The influence of cobalt loading on electrocatalytic performance toward glucose oxidation of pillared montmorillonite-supported cobalt

Abstract

In this paper, the influence of cobalt loading in pillared clay-supported cobalt materials on their electrocatalytic performance toward glucose oxidation was investigated. A series of aluminum-pillared montmorillonite clay (AP) materials with different cobalt loadings (x%CoAP, x = 1, 3, 5, and 10 wt%) was synthesized using the incipient wetness impregnation method. The X-ray powder diffraction (XRPD), inductively coupled plasma optical emission spectroscopy (ICP-OES), Fourier transform infrared spectroscopy (FT-IR), field emission scanning electron microscopy coupled with energy dispersive X-ray spectrometry (FE-SEM/EDX), high resolution transmission electron microscopy (HR-TEM) coupled with EDX, X-ray photoelectron spectroscopy (XPS), and low temperature N2 physisorption, were employed for characterization of the materials. The incorporation of cobalt in porous structure of pillared montmorillonite was confirmed. The synthesized materials (x%CoAP) were used for modification of carbon paste (CP) electrode and tested in reaction of glucose electrooxidation. The electrochemical measurements were conducted using cyclic voltammetry and chronoamperometry in a 1 M NaOH solution, with or without glucose.

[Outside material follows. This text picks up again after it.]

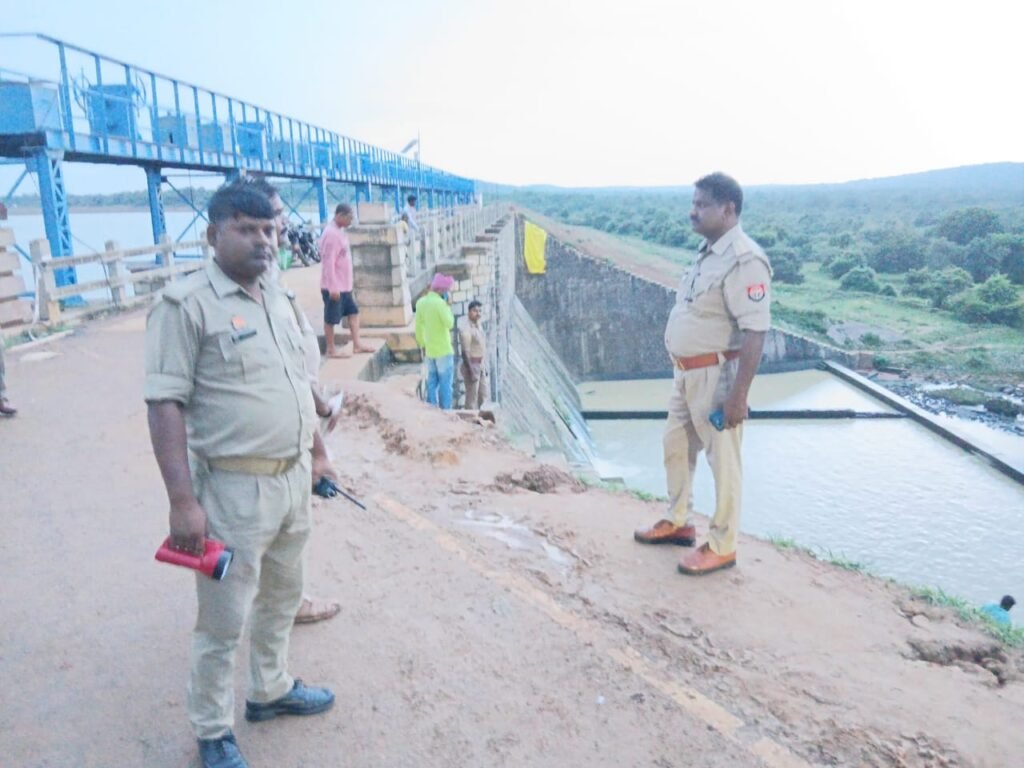 Chandauli: चंदौली चंद्रप्रभा बांध में दर्दनाक हादसा,13 घंटे की मशक्कत के बाद युवक का शव बरामद 2 WhatsApp Image 2025 07 28 at 5.51.49 PM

The results showed that the increase of cobalt loading improved the electrode performance toward glucose. The highest current response and sensitivity were obtained for the CP-5%CoAP electrode. A lower electrode performance of CP-10%CoAP was correlated with the presence of higher quantities of Co3O4 (confirmed by XRPD and XPS) in the electrode material. The mechanism and kinetics of glucose electrooxidation was studied in more details for the best performing electrode (CP-5%CoAP). It was found that the process was diffusion-controlled and the diffusion coefficient was determined. The charge transfer coefficient and catalytic rate constant were calculated. The electrode exhibited satisfactory repeatability, reproducibility, stability, and selectivity. The obtained results showed that appropriate amount of cobalt loading in pillared clay led to the obtainment of non-enzymatic electrode materials suitable for sustainable and green glucose sensors.